最良の実行モデルは、いくつかの方法で記述され得る。例えば、モデルが予測子を使用して、（例えば、結果が既知であり、モデルの結果をデータセットからの実際の結果と比較することによって）数パーセントの割合の結果を予測する場合、そのパーセントは、そのモデルがある世代の他のモデルよりも良好な性能を発揮するモデルであるかどうかを決定するために使用され得る。そのような実施形態では、ある世代におけるモデルは、予測子からの結果を決定する際の高いパーセント精度を有するモデルが、より低いパーセント精度を有するモデルを「打破する」形で、互いに対して「競合」する。ある世代におけるモデルのいくつか（または１つを除く全て）が排除される（例えば、負けたモデルがセットから除去される）と、最良の複数（または１つ）のモデルが残る。 The best execution model can be described in several ways. For example, if the model uses a predictor to predict a percentage of the result (for example, by comparing the result of the model with the actual result from the dataset), that percentage. Can be used to determine if the model is a model that performs better than other models of a generation. In such an embodiment, the models in one generation "break" the model with the lower percent accuracy with respect to each other, with the model having the higher percent accuracy in determining the result from the predictor. Competing. When some (or all but one) of the models in a generation are eliminated (eg, the losing model is removed from the set), the best multiple (or one) models remain.

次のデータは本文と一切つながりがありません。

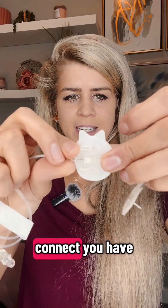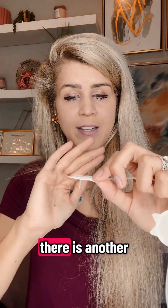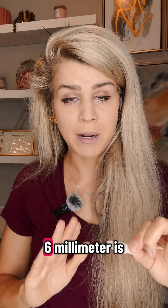So you would connect — you have the metal cannula. This is an eight millimeter, but there is another one that is six millimeters. The six millimeter is more popular.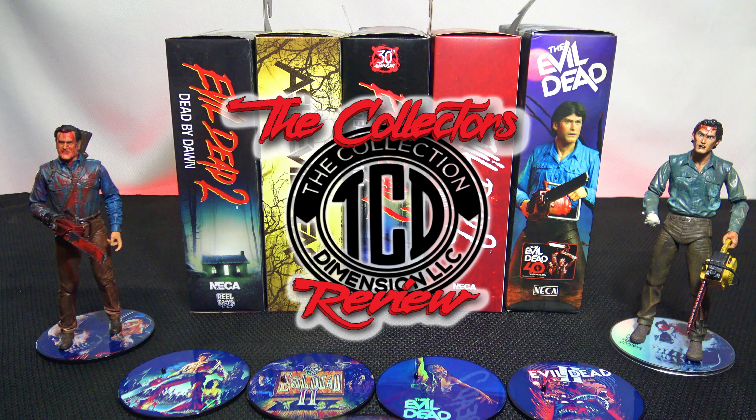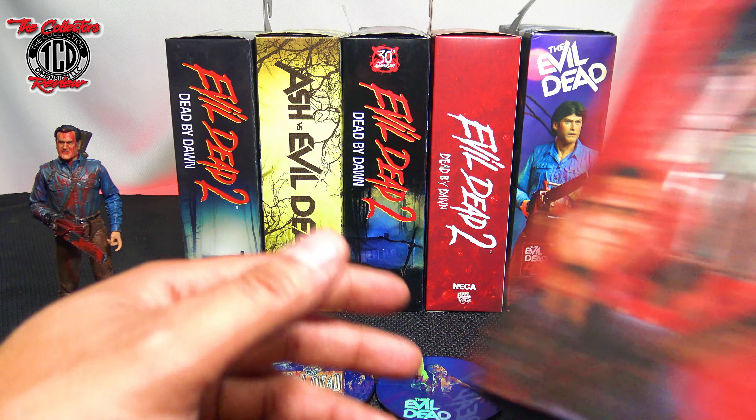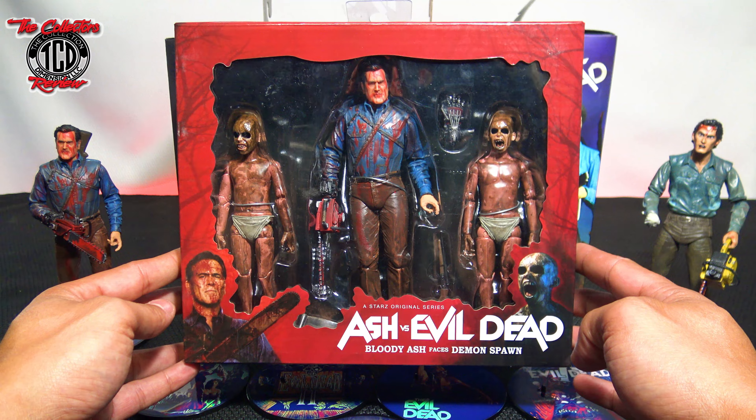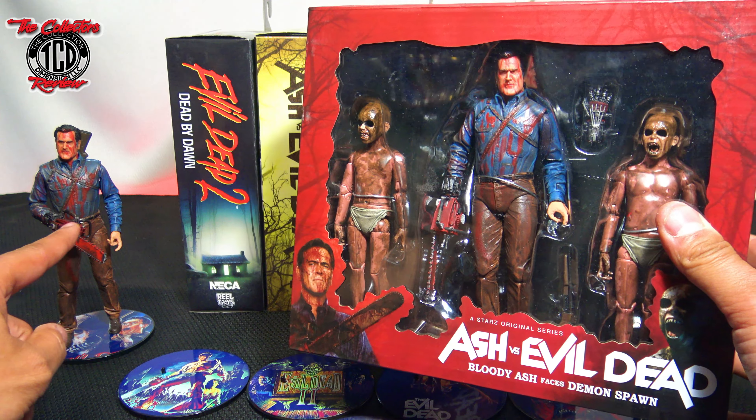Welcome to this amazing episode of the Collector's Review. This is going to be a complete episode of the NECA Ultimate Evil Dead Ash action figures — only the ultimate action figures from NECA. These do not include other packages like the three-pack, the Ash First Evil Dead, the Bloody Ash, Faces Demon Spawn — and that is actually the figure I have right here.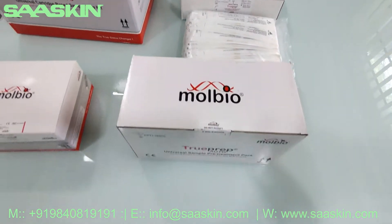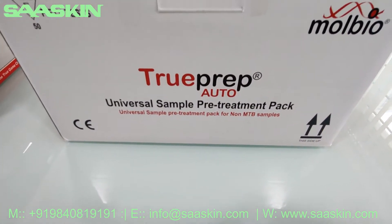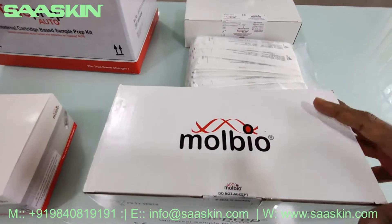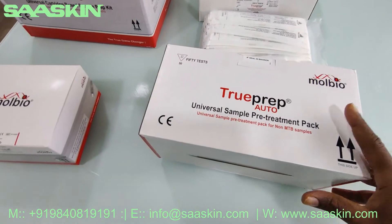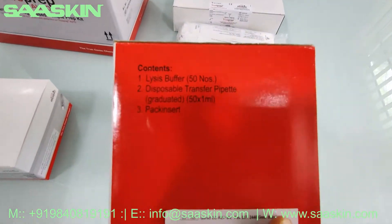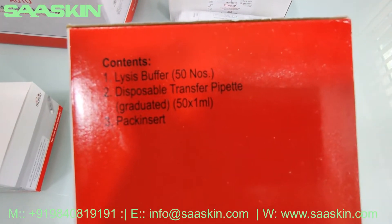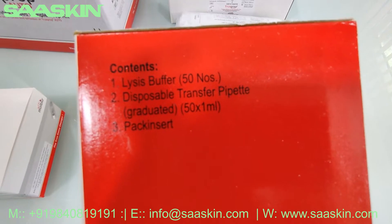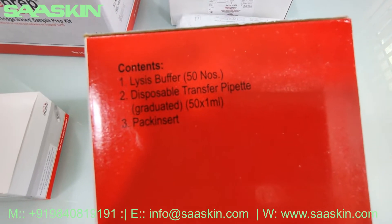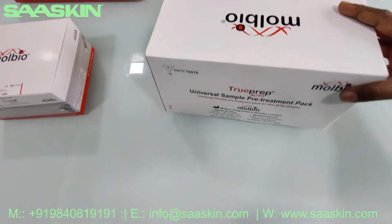Next I want to introduce you to the universal sample pre-treatment pack. This is how the box looks like — it is a CE-certified box. Let me tell you about the contents: this box contains lysis buffer, 50 numbers; disposable transfer pipette, 50, 1 ml type; and a pack insert. This is how the total box looks like.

別の実施例では、ある世代の「最良」モデルは、その世代における他のモデルと比較したときに、１つ以上の好ましい特性を有するモデルであり得る。例えば、「最良」モデルは、アルゴリズムの長さに関して「最も短い」（例えば、モデルは、量、タイプ、または非オーバーラップモデルコンポーネントのいずれかに関して最も少数のモデルコンポーネントを使用する）、モデルを実行するのに必要な最小計算時間、最良のトレーニング精度、最良の標準プロセストレーニング検証、または最良のトレーニング検証であるモデルであり得る。さらに、「最良」モデルは、本出願で議論されているこれらのおよび任意の他の因子の組み合わせによって決定され得る。 In another embodiment, the "best" model of a generation can be a model with one or more favorable properties when compared to other models of that generation. For example, the "best" model runs the model "shortest" in terms of algorithm length (eg, the model uses the fewest model components in terms of either quantity, type, or non-overlapping model components). It can be a model with the minimum computational time required to do, the best training accuracy, the best standard process training verification, or the best training verification. In addition, the "best" model can be determined by the combination of these and any other factors discussed in this application.

最良のパフォーマーであると識別されたラン内の第１世代からの１つ以上のモデルを用いて、第２のモデル世代が生成され得る。第２のモデル世代は、モデルのいくつかのサブセットから構成され得る。例えば、次世代におけるモデルのサブセットは、モデルプール（図７に示す）からのモデルコンポーネントを使用してランダムに生成され得るが、モデルの別のサブセットは、前世代からのモデル（例えば、１つ以上の最良モデル）の突然変異によって生成され得、また別のサブセットは、前世代からのモデルを使用して子孫を作成する（交叉とも呼ばれる）ことによって生成され得る。 A second model generation can be generated using one or more models from the first generation in the run identified as the best performer. The second model generation can consist of several subsets of the model. For example, a subset of models in the next generation can be randomly generated using model components from a model pool (shown in Figure 7), while another subset of models can be models from previous generations (eg, one). It can be produced by mutation of (the best model above), and another subset can be produced by creating offspring (also called crossovers) using models from previous generations.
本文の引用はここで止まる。